Abstract

During long-term use every IT system needs to be maintained by making changes that will inexorably undermine good structure and so reduce understanding; in this sense they will always runaway. In general, IT systems defy human comprehension because: 1. Full understanding demands mastery of an excessive span of detail 2. Small misunderstandings can have large repercussions IT systems pose wholly new challenges to human understanding because they are complex discrete systems, quite unlike both natural systems and other engineered complex systems. The discreteness of IT systems is manifest in several ways; it is primarily the single-threaded decision-logic basis of IT systems that is the root problem. Small, “nicely-factored” discrete systems are readily amenable to formal analysis (possibly even proof of correctness); large discrete systems with tight internal couplings (such as most IT systems) are not.
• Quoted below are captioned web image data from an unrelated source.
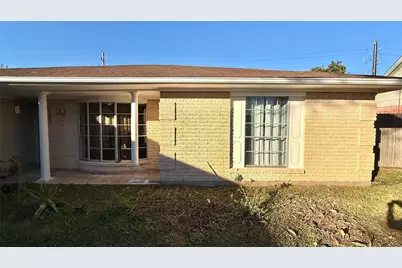 5702 Arncliffe Drive, Houston, TX 77088 - Photo 30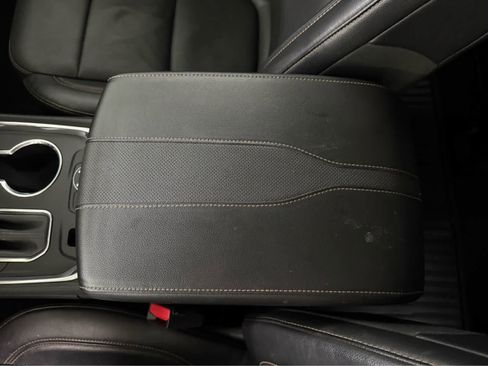 Used 2019 Chevrolet Traverse Premier image 21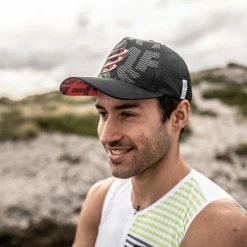 Casquettes COMPRESSPORT TRUCKER CAP BLACK 22 Noir / Rouge -Bonnets Soldes Boutique 9 73093 trucker cap black cu00008b 990 03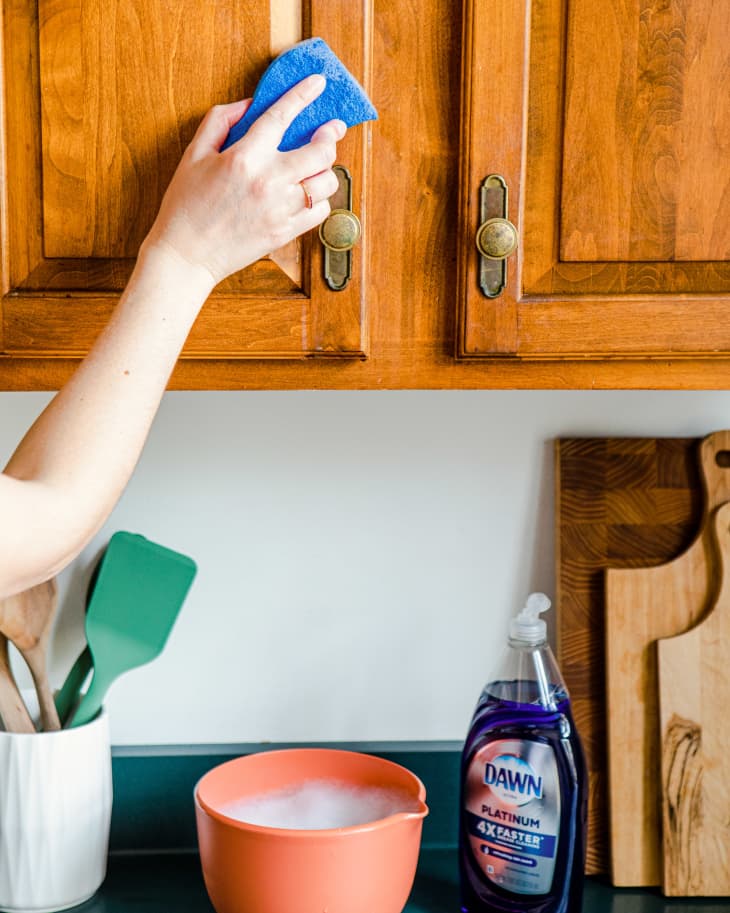 How to clean on sale kitchen cabinets
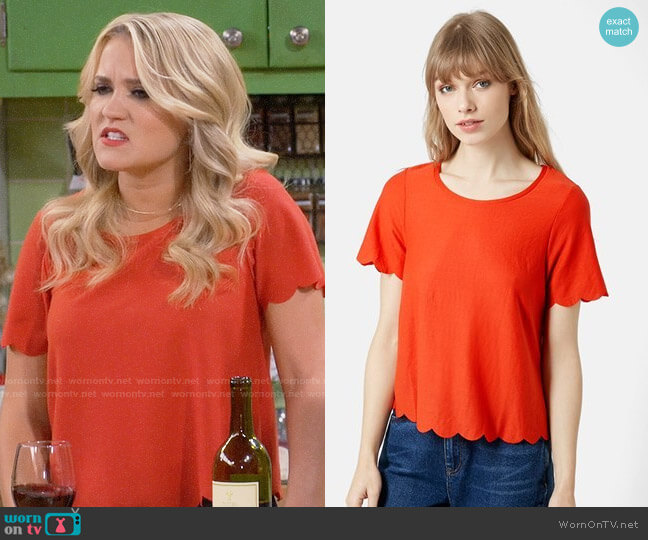 Topshop Scallop Frill Tee worn by Gabi Diamond (Emily Osment) on Young and Hungry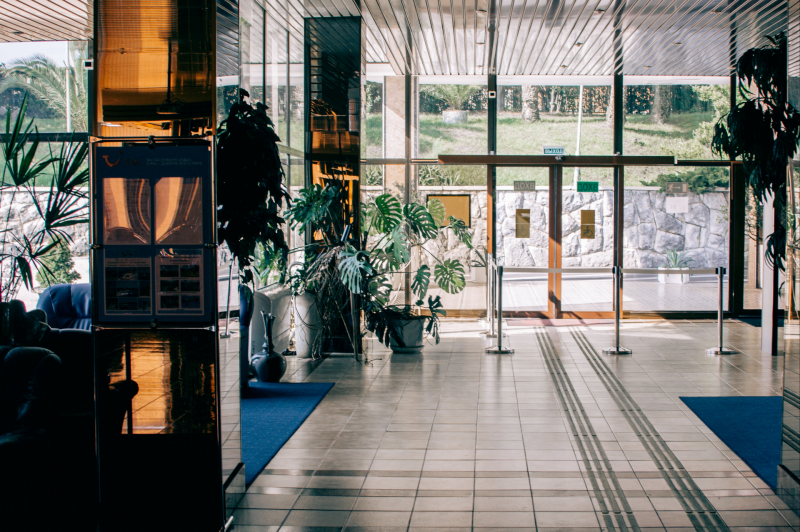 Vrouw steekt man neer in lobby van hotel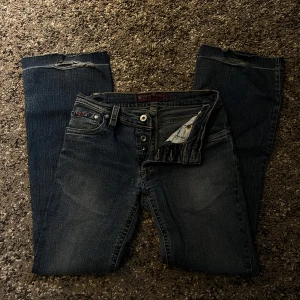 Bootcut denim jeans - Vintage trendiga bootcut jeans från ESZ 
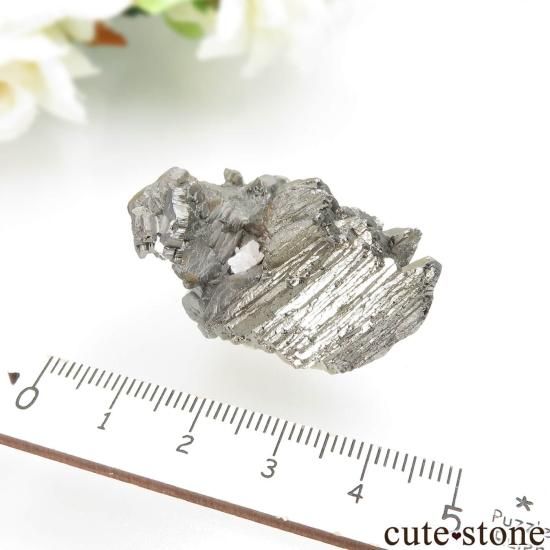 ヤオガンシャン産 アルセノパイライト&モスコバイトの原石 No.84の写真3 cute stone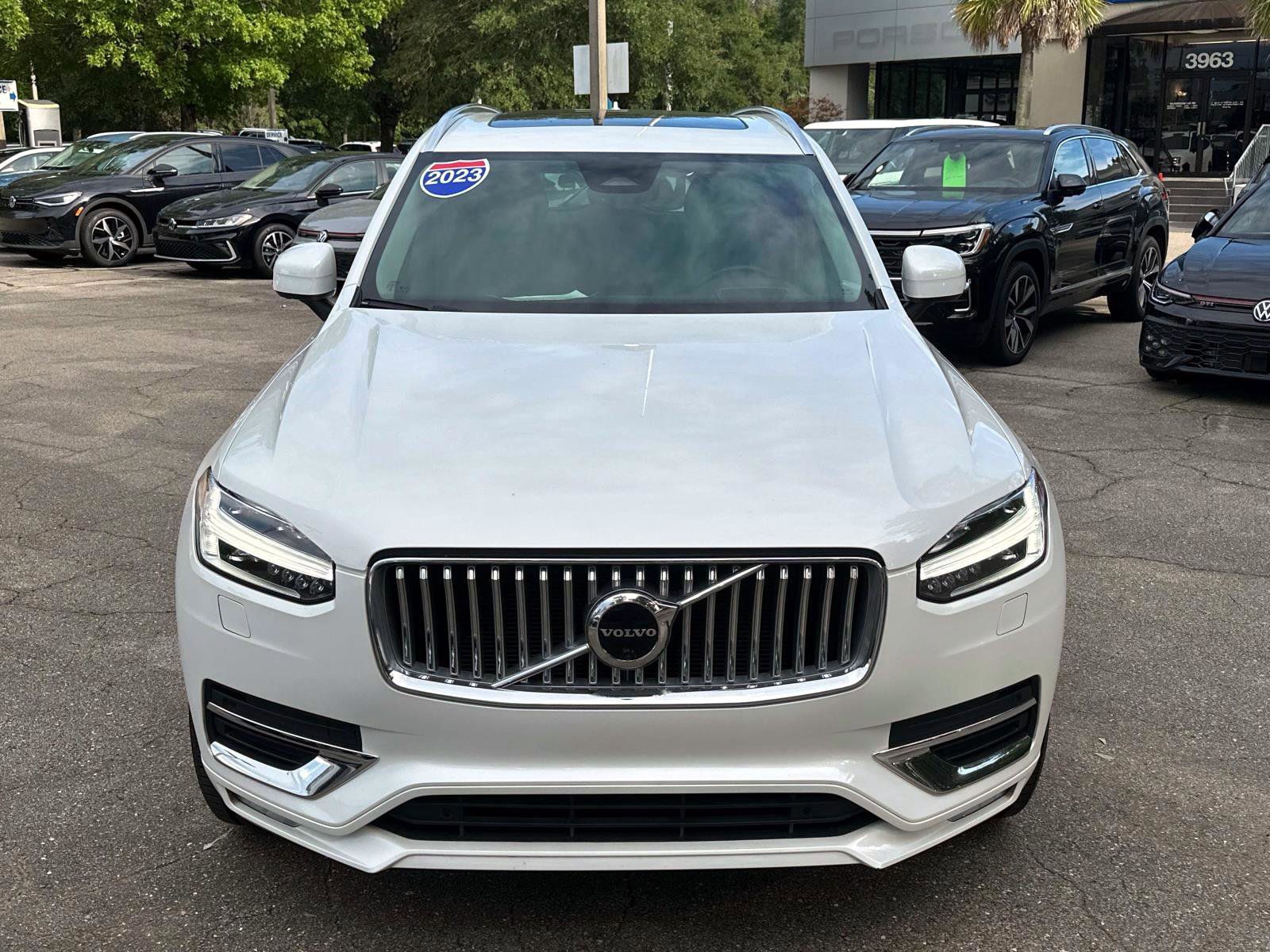 Certified 2023 Volvo XC90 B6 Ultimate w/ Protection Package Premier image 8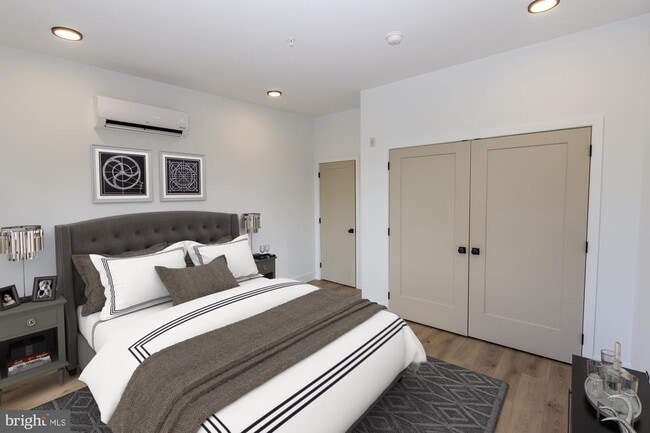 Building Photo - 2207 N 4th St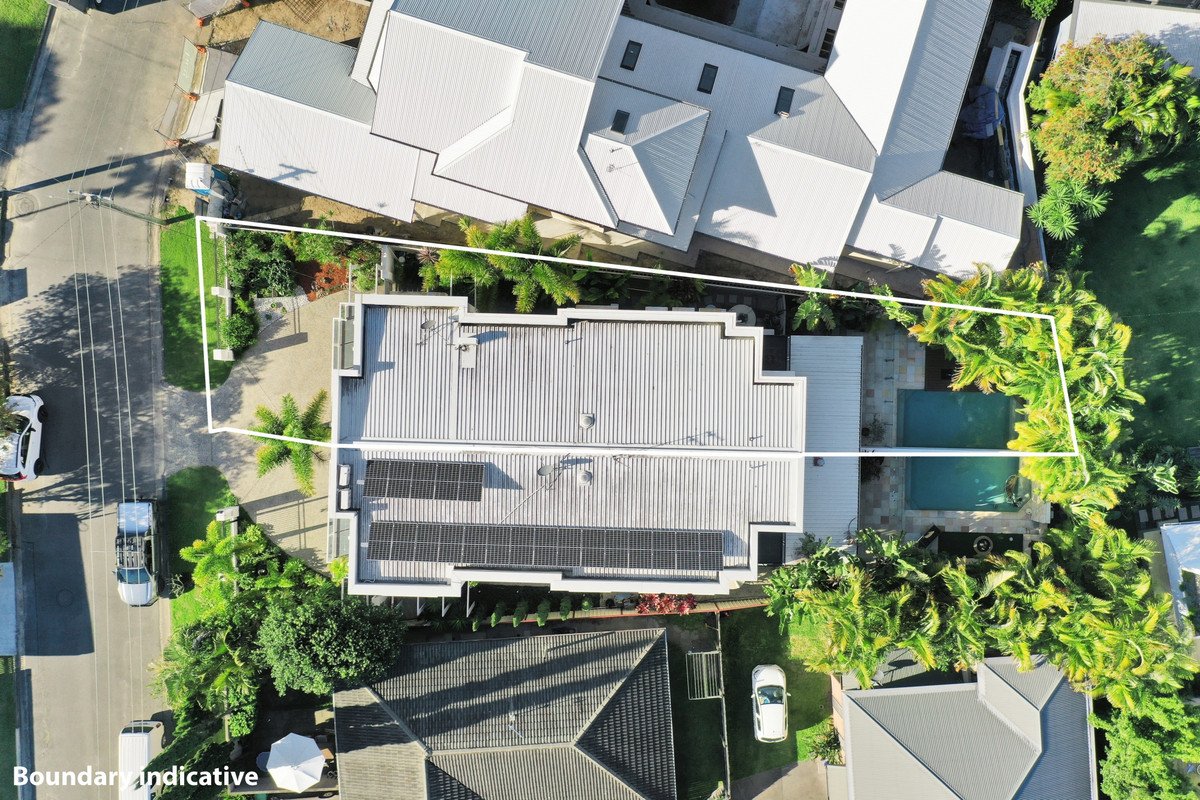 1/40 Tawarri Crescent Burleigh Heads 24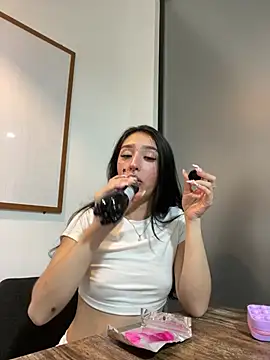 Snapshot of NickieCute- chatting on May 12, 8:17 pm NickieCute- online show from May 12, 8:17 pm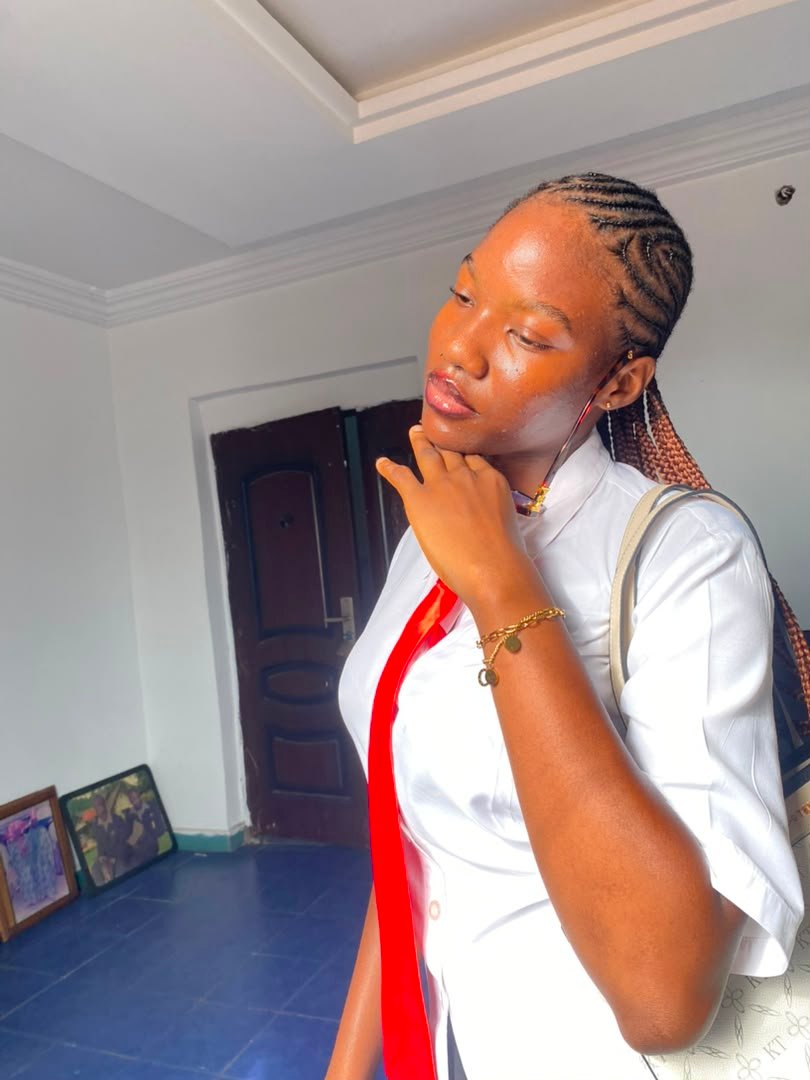 Alexandra Ogiemwonyi  (THEGIFTCORNER.NG)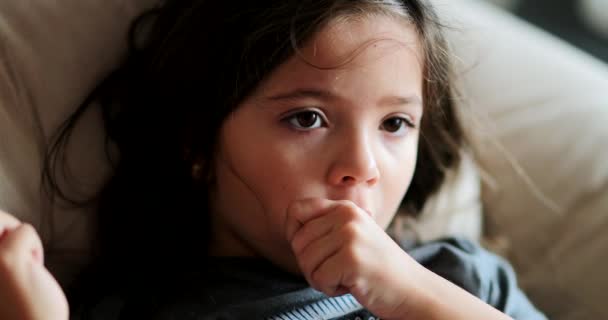 Niña Hipnotizada Por Retrato Entretenimiento Mediático Niña Sentada Sofá — Vídeos de Stock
Small, “nicely-factored” systems are also readily comprehensible; large ones (made even larger by the avoidance of the succinct power of inter-couplings) are not – they present as a conglomerate of individual components, which, of course, they are if all inter-couplings are eliminated. Complex natural systems achieve stability through redundancy, and predictability through monotonic analogue (rather than discrete) basics. ‘System science’ has failed to encompass systems of discrete complexity. The mathematical basis from which much of programming practice has been developed has severely undervalued redundancy as a system feature. Discrete systems tend to be unpredictable – hence the extreme weakness of IT-system testing as a validation procedure.